VISITING NASSAU AND PARADISE ISLAND

* Getting there: Several airlines fly nonstop from Miami and Fort Lauderdale to Nassau, a trip of about an hour.

WHERE TO STAY

* Atlantis on Paradise Island, 800-ATLANTIS; www.atlan tis.com. Rooms here range from unremarkable to nice. What you're paying for is the sprawling water playground and aquariums. Plus there's a casino, the Discovery Channel Camp for kids, tennis, golf, spa and marina. Rates before Dec. 21 range from $225 ($499 at Christmas) in the Beach Tower, the oldest section, to $315 ($599 at Christmas) in the Royal Towers, the newest addition.

* Comfort Suites on Paradise Island, 242-363-3680; www.choicehotels.com. With foldout sofas, rooms can sleep four. A noisy, cheerful family-oriented hotel with its own pool, it gives guests free access to Atlantis' water park and other facilities just a block away. Rates from $150 for two. ($295 at Christmas.)

* Graycliff, 8 West Hill Street, in the heart of Old Nassau; 242-302-9150; 800-688-0076; www.graycliff.com. This lovely old British Colonial estate was built in the 1700s and renovated into an elegant 20-room inn. Its five-star restaurant, handcrafted cigars rolled on the premises, tropical gardens and excellent service draw celebrities - and command a high price. Rooms $325-$450.

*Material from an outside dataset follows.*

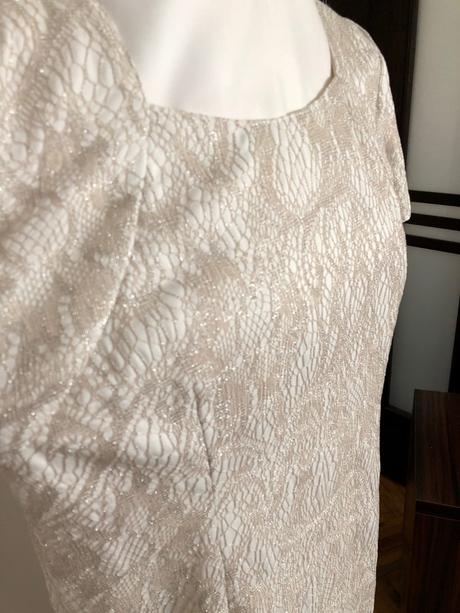 Spoločenské šaty, 42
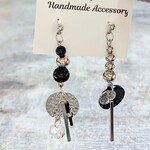 モノトーン シルバー キラキラ チャーム アシメ ロング ピアス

* British Colonial Hilton, One Bay Street, Nassau; 242-322-3301; www.hiltoncarib bean.com/nassau. At the foot of Bay Street near the Straw Market, this was once the grande dame of New Providence hotels. Opened in 1900, this stylish hotel has a nice beach, tropical landscaping dotted with hammocks and a soaring lobby with paintings depicting Bahamian history. Rooms from $175.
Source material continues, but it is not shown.